CPI general secretary M. A. Baby has defended the party’s decision to support actor-politician C. Joseph Vijay in Tamil Nadu’s government formation battle, arguing that the Left could not endorse any arrangement that placed the AIADMK within reach of power while it remained aligned with the BJP-led National Democratic Alliance.

Baby’s intervention sharpened the political contest in Chennai after the CPI, CPI and other smaller parties moved to back Vijay’s Tamilaga Vettri Kazhagam, giving the fledgling party a path to cross the majority mark in the Assembly. The move followed days of uncertainty after the election produced a fractured mandate, with TVK emerging as the principal claimant but short of the numbers needed to form a stable government on its own.

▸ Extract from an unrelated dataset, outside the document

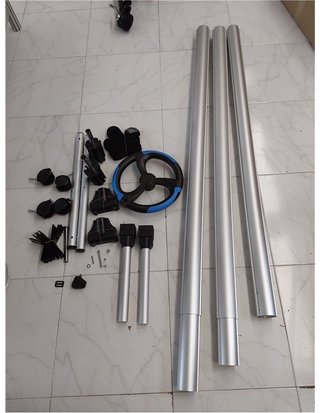 Gre 90172 - Enrollador Telescopico per Piscine Interrate - Larghezza Max 5,50 m - Alluminio Anodizzato e Ruote Girevoli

The CPI leader said the DMK had explored the option of extending outside support to an AIADMK-led government and had expected the Left to consider a similar line. Baby rejected that route, saying the Left’s political position could not be reconciled with helping an NDA-linked formation take office. His remarks framed the CPI’s backing for Vijay not as an embrace of TVK’s full political programme, but as a tactical decision shaped by the arithmetic of the Assembly and the need to block the AIADMK-BJP axis.

DMK circles have pushed back against the implication that the party had abandoned its anti-BJP positioning, contending that government formation in a hung House required all parties to weigh constitutional options. The party, led by M. K. Stalin, faces one of its most delicate moments since it returned to power in 2021, with its post-poll strategy coming under pressure from former allies and rivals alike.

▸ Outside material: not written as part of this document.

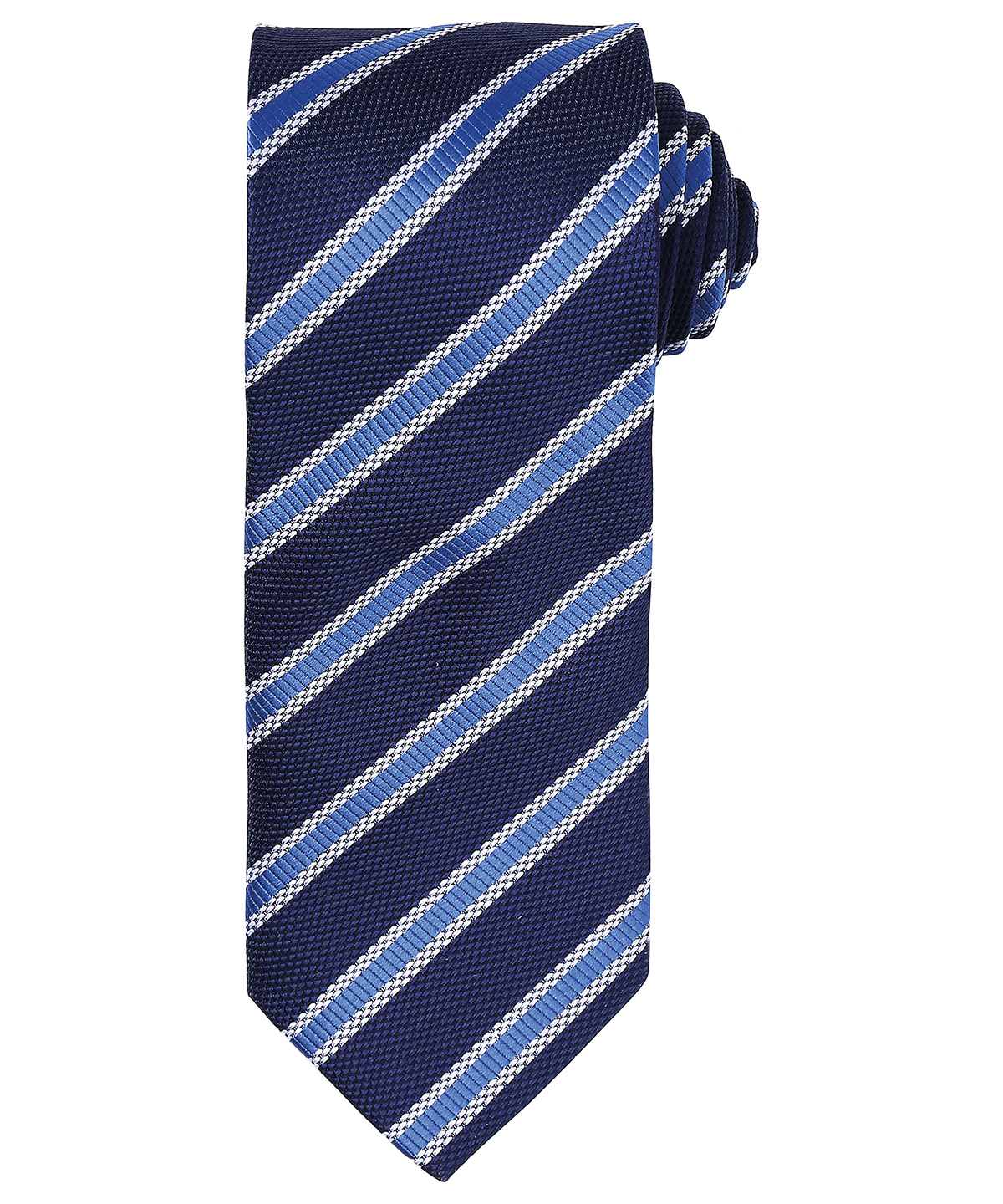 Premier Waffle Stripe Tie - Navy/Royal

Vijay’s rise has transformed Tamil Nadu’s political landscape. TVK, launched in 2024, fought the Assembly election as a new force built around the actor’s mass appeal, welfare promises and a campaign pitch aimed at younger voters, first-time electors and those disenchanted with the Dravidian duopoly. Its performance has disrupted the long-standing contest between the DMK and AIADMK, forcing established parties to respond to a political outsider who has now become central to government formation.

The immediate question before Governor Rajendra Vishwanath Arlekar was whether Vijay had demonstrated sufficient support to be invited to form the government. Letters of support from the CPI, CPI, VCK and IUML strengthened TVK’s claim, though the process was marked by competing allegations over delay, pressure and procedural caution. The governor’s office came under scrutiny as parties watched whether constitutional convention would be followed swiftly once the numbers were placed before it.

For the Left, the decision carries both opportunity and risk. Supporting Vijay allows it to retain an anti-BJP posture and avoid being drawn into any AIADMK-led arrangement. At the same time, it exposes the CPI and CPI to criticism that they are lending legitimacy to a personality-driven party with limited governing experience and a still-developing ideological framework. Baby’s defence sought to address that tension by stressing that outside support does not amount to joining the government or abandoning the Left’s independent political line.

The VCK’s position added another layer to the negotiations. Its support was seen as vital not only for numbers but also for the social justice legitimacy of any TVK-led arrangement. Friction surfaced over the manner of TVK’s outreach, with criticism that high-stakes coalition building required direct political engagement rather than impersonal communication. Even so, the broader anti-AIADMK calculation appears to have outweighed reservations about Vijay’s organisational maturity.

AIADMK leaders, meanwhile, have sought to project the post-poll manoeuvring as proof that voters delivered a verdict against the DMK but not necessarily a mandate for TVK. The party’s association with the BJP-led alliance, however, complicated its acceptability to parties that built their campaigns around secular and federal themes. That has narrowed the space for a workable AIADMK-led alternative despite its continued relevance in the Assembly.